_Task details_.
The required output is the stretch from the line containing "Amsterdamse school notitieblokhouder" through the line containing "Purple Stone Bracelet pack" in the records below, unaltered and with no pictures.

_Supplied material_.
..............................

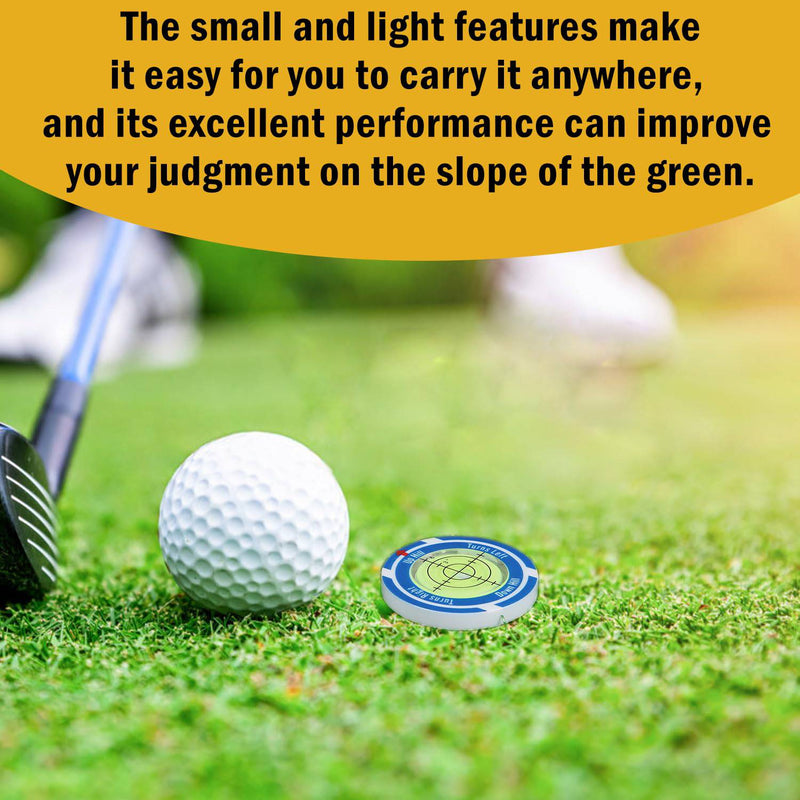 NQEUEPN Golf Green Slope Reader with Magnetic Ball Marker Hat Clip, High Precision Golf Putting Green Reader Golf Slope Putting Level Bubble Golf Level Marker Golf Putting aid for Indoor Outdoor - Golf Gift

..............................

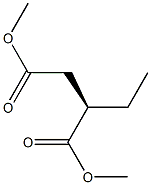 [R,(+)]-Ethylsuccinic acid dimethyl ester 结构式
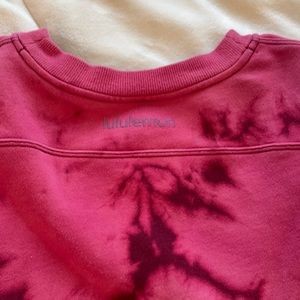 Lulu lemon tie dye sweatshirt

..............................

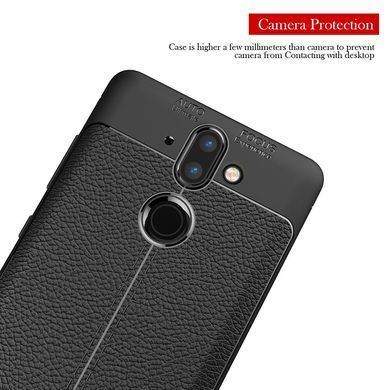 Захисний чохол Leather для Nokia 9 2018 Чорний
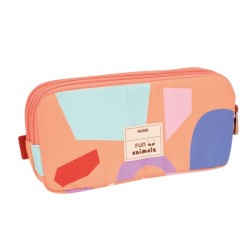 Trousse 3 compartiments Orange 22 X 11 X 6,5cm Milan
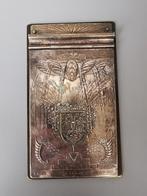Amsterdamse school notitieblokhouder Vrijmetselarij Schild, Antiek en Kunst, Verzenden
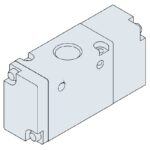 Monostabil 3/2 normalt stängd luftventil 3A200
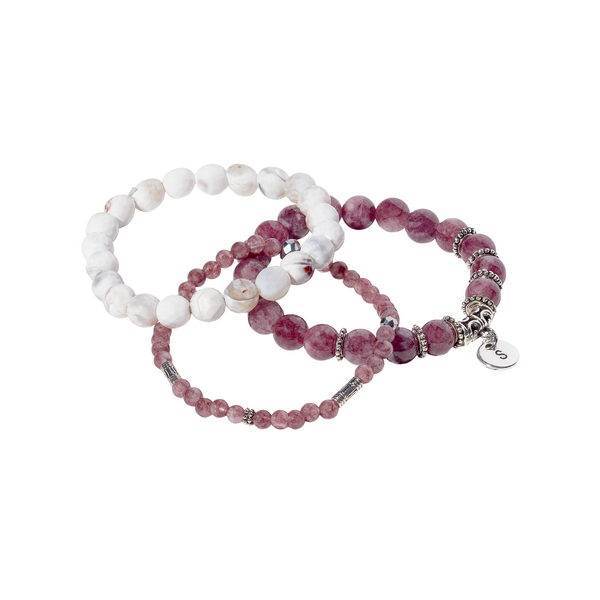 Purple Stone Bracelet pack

..............................

_Solution to the exercise_.
Amsterdamse school notitieblokhouder Vrijmetselarij Schild, Antiek en Kunst, Verzenden
 Monostabil 3/2 normalt stängd luftventil 3A200
 Purple Stone Bracelet pack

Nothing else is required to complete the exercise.